Top of PROVIDED RECORDS

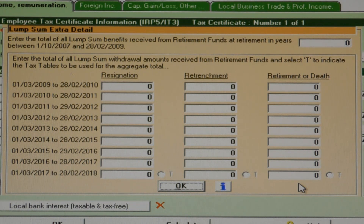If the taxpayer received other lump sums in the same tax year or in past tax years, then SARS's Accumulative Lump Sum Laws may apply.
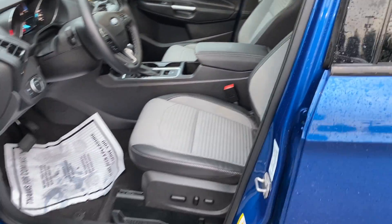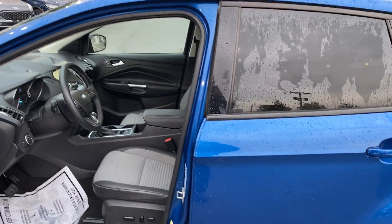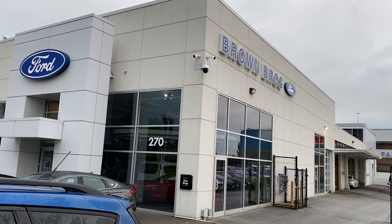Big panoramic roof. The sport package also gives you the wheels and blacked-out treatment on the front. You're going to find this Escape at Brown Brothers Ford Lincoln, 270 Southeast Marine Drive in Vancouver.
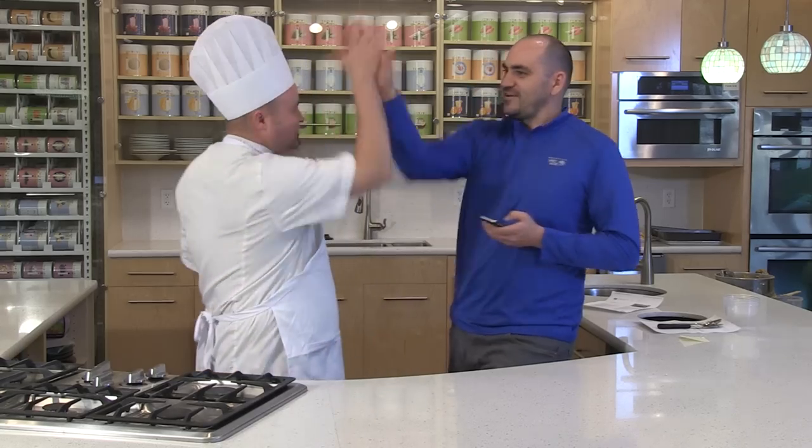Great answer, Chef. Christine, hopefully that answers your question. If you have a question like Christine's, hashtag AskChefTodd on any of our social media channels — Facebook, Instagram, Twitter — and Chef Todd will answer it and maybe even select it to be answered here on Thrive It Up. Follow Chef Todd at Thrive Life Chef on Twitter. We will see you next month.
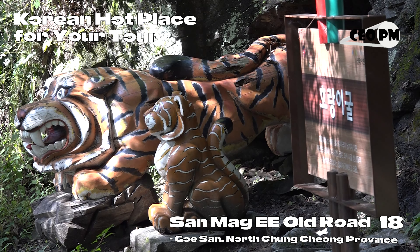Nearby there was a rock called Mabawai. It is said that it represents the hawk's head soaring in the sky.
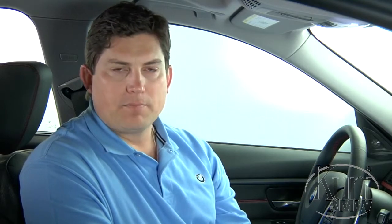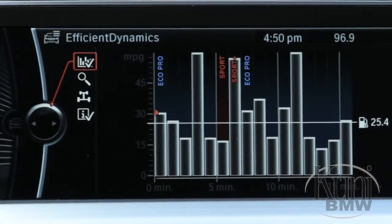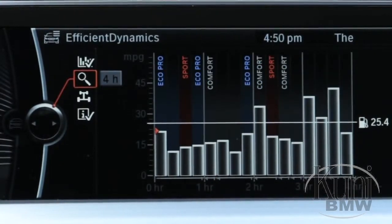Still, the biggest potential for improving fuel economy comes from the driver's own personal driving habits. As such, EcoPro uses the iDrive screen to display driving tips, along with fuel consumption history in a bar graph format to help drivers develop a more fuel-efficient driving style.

Bottom of PROVIDED RECORDS
Top of PROVIDED RECORDS

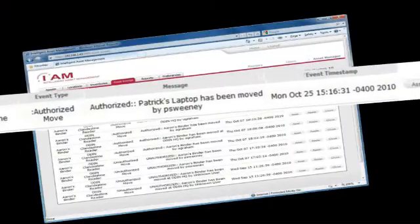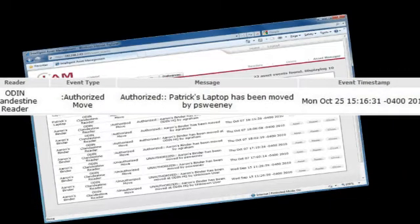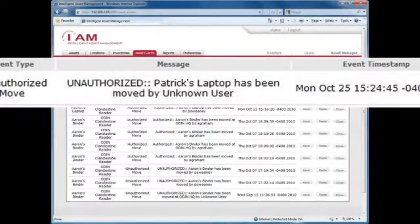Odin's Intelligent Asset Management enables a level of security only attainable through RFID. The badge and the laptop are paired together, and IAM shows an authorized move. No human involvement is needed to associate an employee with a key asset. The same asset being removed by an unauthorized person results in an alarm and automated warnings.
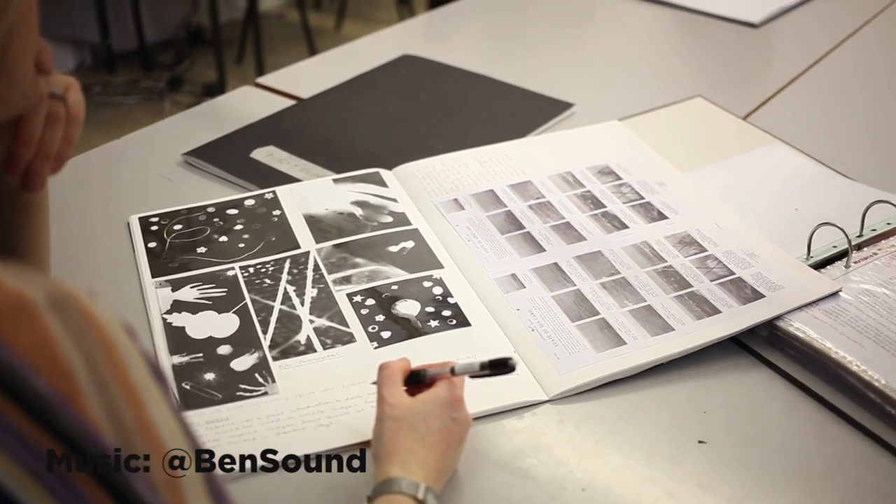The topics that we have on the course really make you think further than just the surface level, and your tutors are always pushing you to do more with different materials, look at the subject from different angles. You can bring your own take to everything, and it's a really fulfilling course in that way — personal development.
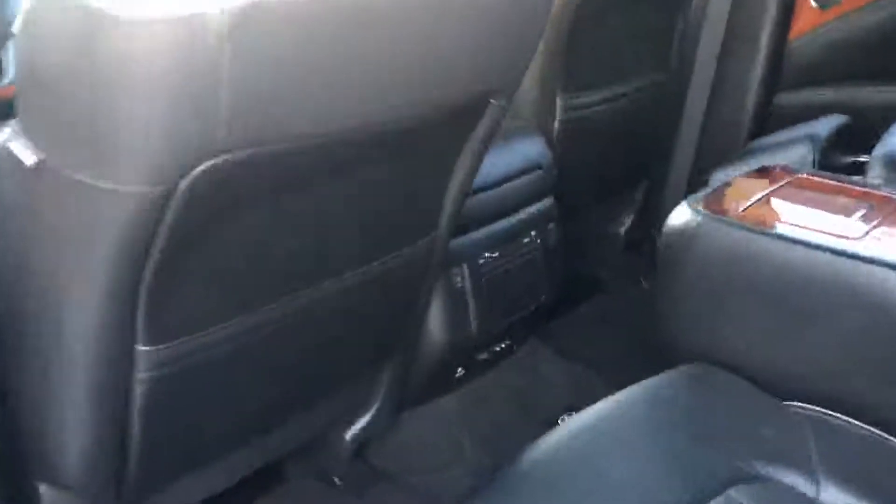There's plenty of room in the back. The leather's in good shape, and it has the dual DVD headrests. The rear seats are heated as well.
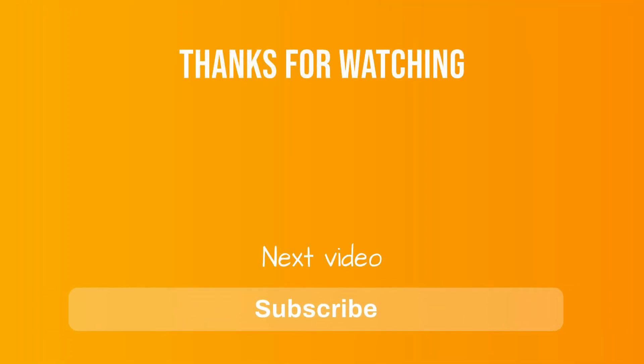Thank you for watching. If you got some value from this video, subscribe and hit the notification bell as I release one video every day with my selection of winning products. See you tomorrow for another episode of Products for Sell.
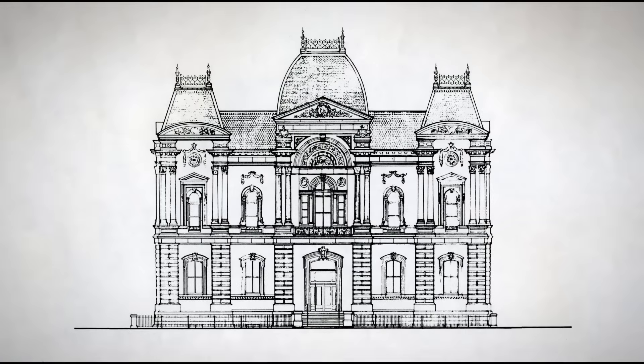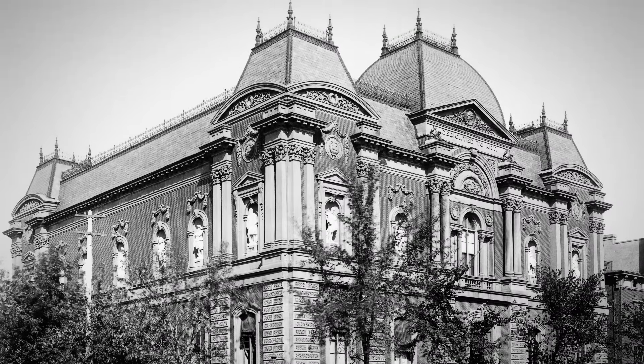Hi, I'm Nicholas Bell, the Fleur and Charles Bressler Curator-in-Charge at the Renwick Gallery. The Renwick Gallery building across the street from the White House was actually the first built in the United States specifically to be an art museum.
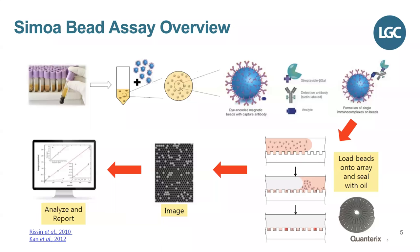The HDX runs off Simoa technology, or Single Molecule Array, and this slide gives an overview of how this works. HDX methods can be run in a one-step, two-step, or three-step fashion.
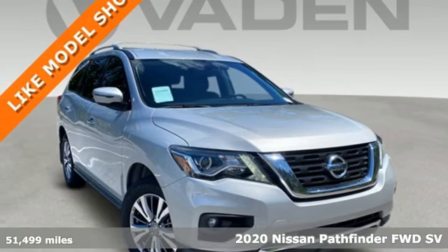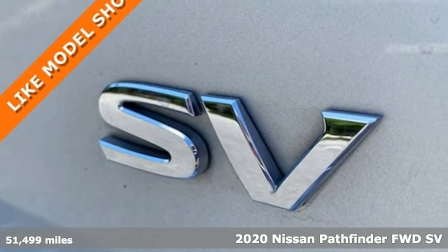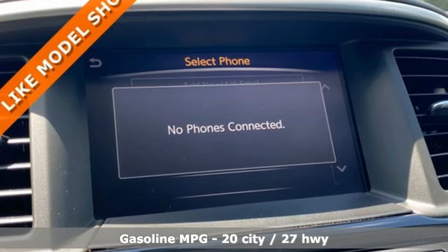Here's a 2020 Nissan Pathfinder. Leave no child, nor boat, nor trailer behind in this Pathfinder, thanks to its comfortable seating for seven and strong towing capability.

Bottom of PROVIDED RECORDS

● **EXERCISE DIRECTIONS**
The answer must be the lines above from the one containing "If the taxpayer" through the one containing "Big panoramic roof.", reproduced exactly, with no pictures and nothing else.

● **RESPONSE**
If the taxpayer received other lump sums in the same tax year or in past tax years, then SARS's Accumulative Lump Sum Laws may apply.
Big panoramic roof. The sport package also gives you the wheels and blacked-out treatment on the front. You're going to find this Escape at Brown Brothers Ford Lincoln, 270 Southeast Marine Drive in Vancouver.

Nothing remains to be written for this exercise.